Most people are fast asleep in the hours just before dawn, but for Mike “Catfish” Flautt, owner of Tallahatchie Hunts in Swan Lake, Mississippi, his day begins with a ride across his sprawling 8,000-acre plot of premium Delta hunting grounds in the heart of the Mississippi Flyway.

“My favorite part is when I’m out in the morning,” Flautt says. “I don’t hunt anymore, but I scout. I’m out at first light, and it takes me about three hours to ride through the property. We probably have 75 to 80 different spots to hunt on, so I try to scout and keep an inventory of the duck population every day. It’s really something to see when you’re out riding in the morning.”
From massive whitetail bucks to ducks, geese, wild turkeys and beavers splashing around in the water, the grounds of Tallahatchie Hunts, where the Coldwater, Yocona and Tallahatchie rivers converge, are an outdoors enthusiast’s playground.
“I’ve got really good binoculars, so I know where about five or six eagles’ nests are around here,” Flautt says. “And of course we have thousands and thousands of ducks every year. After I finish scouting, I come back in, and we have a big breakfast where all the hunters come up to my house. This morning I’ve got hunters from Phoenix, Tulsa, South Africa, Trinidad and some from California — you never know who’s going to come in here. I love meeting all the different people that come through my kitchen.”

Humble Beginnings

The son of a catfish farmer, Flautt grew up hunting, farming and playing basketball.

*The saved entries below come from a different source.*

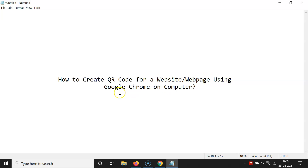That's it! In this way you can easily create a QR code for a website or web page using Google Chrome on a computer. Thanks for watching. If you like my videos, please support this channel by subscribing. Thanks, bye bye.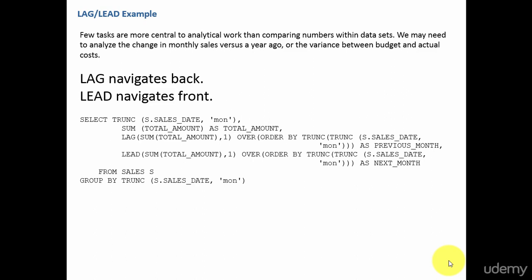We know these functions are used to analyze the data over a period of time. Example: previous month versus this month, or this month versus next month, or last year versus this year.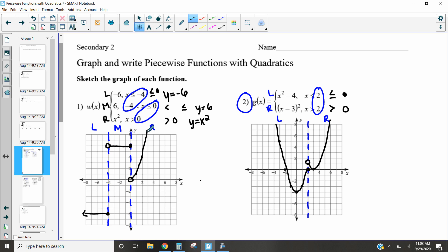And there you go — that is how we graph piecewise functions with quadratics. It's exactly the same as before: draw a dotted line at your change point, then assign your left, right, or left-middle-right pieces. The only difference now is we graph a quadratic instead of just a linear or constant. Feel free to check out the next video where we cover writing piecewise functions with quadratics. Reach out if you have questions!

He graduated from Delta Academy in 1971, then went on to Millsaps College in Jackson, where he played basketball and earned a Bachelor of Business Administration degree in 1975 with an emphasis in accounting and economics.
He continued his education at Vanderbilt University in Nashville, where he received a master’s degree in business administration in 1977, before returning home to Swan Lake to pursue a career in cotton farming.
“My wife, Hedy (BBA 75), and I had always planned on moving back to Tallahatchie County and farming,” Flautt says. “We moved back in 1977 and had three children (Bolton, Alben and Clansey). We had a big cotton gin and did that forever. Cotton farming was pretty tough on a lot of the farmers. A lot of guys didn’t quit farming because they wanted to; they quit because they had to. But we were able and fortunate enough to hold on.”
After a bad crop due to back-to-back hurricanes Isidore and Lili in fall 2002, Flautt lost $1.3 million.
“We needed a wintertime job and income because there wasn’t any money coming in,” Flautt says. “So everybody said you need to start a guide service.”
After meeting with a friend in Florida who had already been in the business for a few years, Flautt stuck to advice and his own instincts on how to implement a business strategy for his guide service.
“I have a degree in accounting, so I know my numbers pretty well,” he says. “I tell everybody my master’s is in creative finance, because I always had to create equity every year during the winter to talk the bankers into loaning me money to farm again. My friend told me not to start out building a big lodge that I had to maintain all year, which was really good advice.
“Then I had other people telling me I had to build these big, fancy blinds because all of these people love to be real comfortable when they come. I thought about it for a second and said, ‘You know everybody I’ve ever hunted with just liked to kill ducks, so I’m going to do it my way.’”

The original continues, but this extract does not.